* **PROBLEM DETAILS**:
Two lines in the data below mark the range: the one with "Lime Green Kiwi" and the one with "2025 Panini Phoenix". Return both, along with every line between them, exactly.

* **PROVIDED DATA**:
· · ·
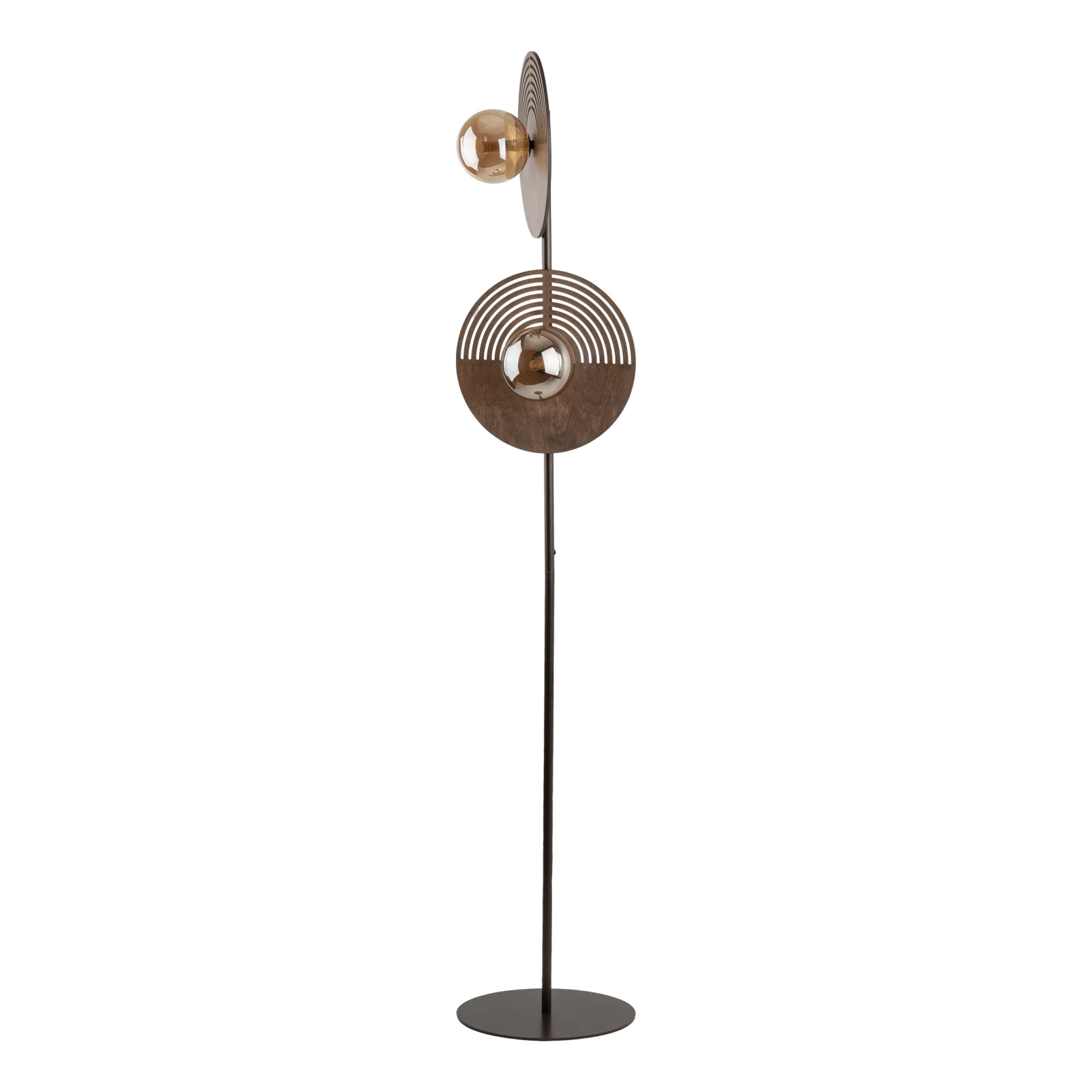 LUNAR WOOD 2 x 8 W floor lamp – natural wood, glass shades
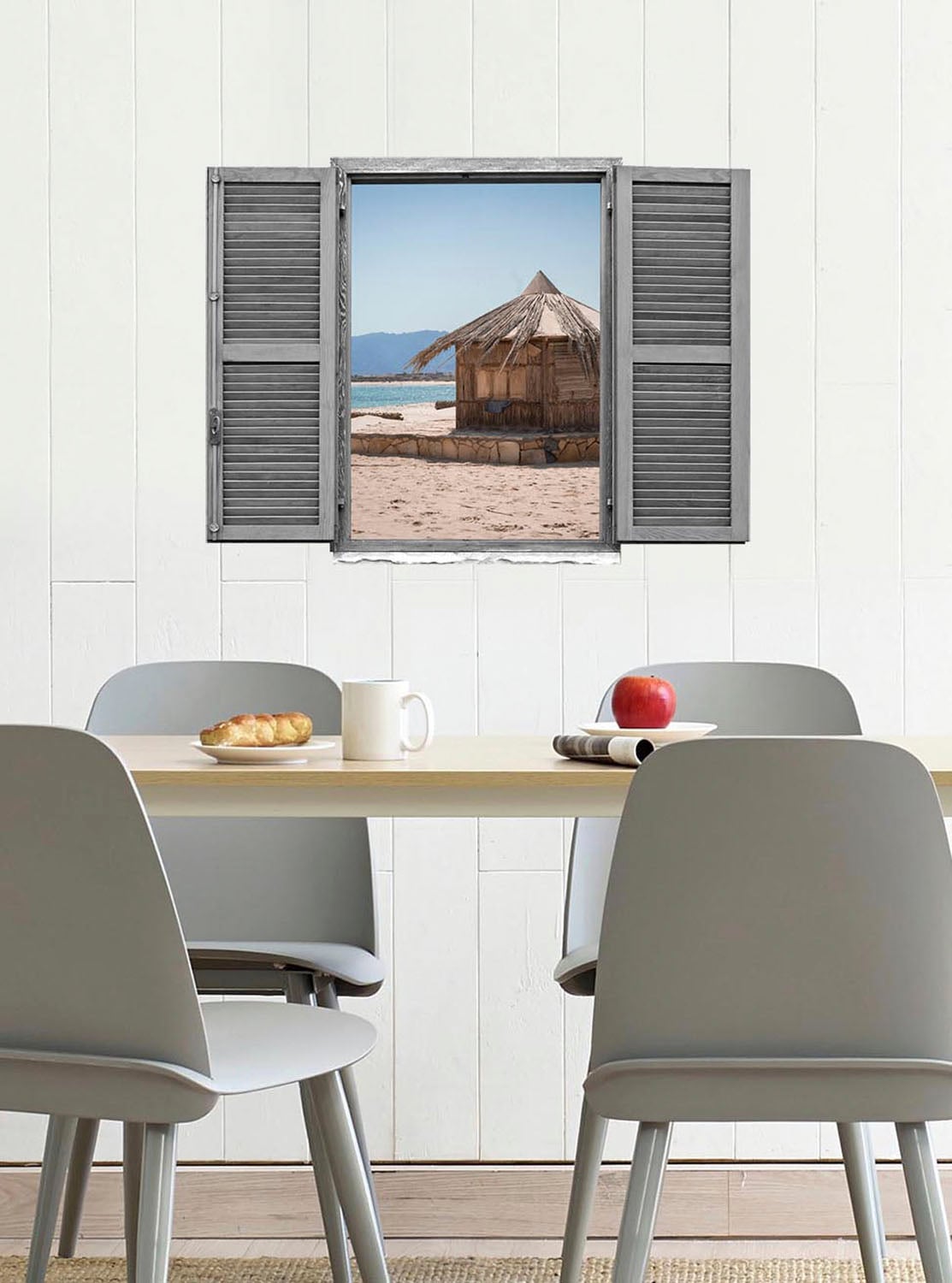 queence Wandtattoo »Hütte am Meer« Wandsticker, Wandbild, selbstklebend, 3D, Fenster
· · ·
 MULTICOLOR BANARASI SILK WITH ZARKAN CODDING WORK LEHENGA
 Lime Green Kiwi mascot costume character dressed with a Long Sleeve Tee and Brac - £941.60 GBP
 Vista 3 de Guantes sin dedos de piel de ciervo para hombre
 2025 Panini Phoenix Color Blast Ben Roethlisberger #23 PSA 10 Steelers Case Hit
· · ·
* **RESULT OF THIS EXERCISE**:
 Lime Green Kiwi mascot costume character dressed with a Long Sleeve Tee and Brac - £941.60 GBP
 Vista 3 de Guantes sin dedos de piel de ciervo para hombre
 2025 Panini Phoenix Color Blast Ben Roethlisberger #23 PSA 10 Steelers Case Hit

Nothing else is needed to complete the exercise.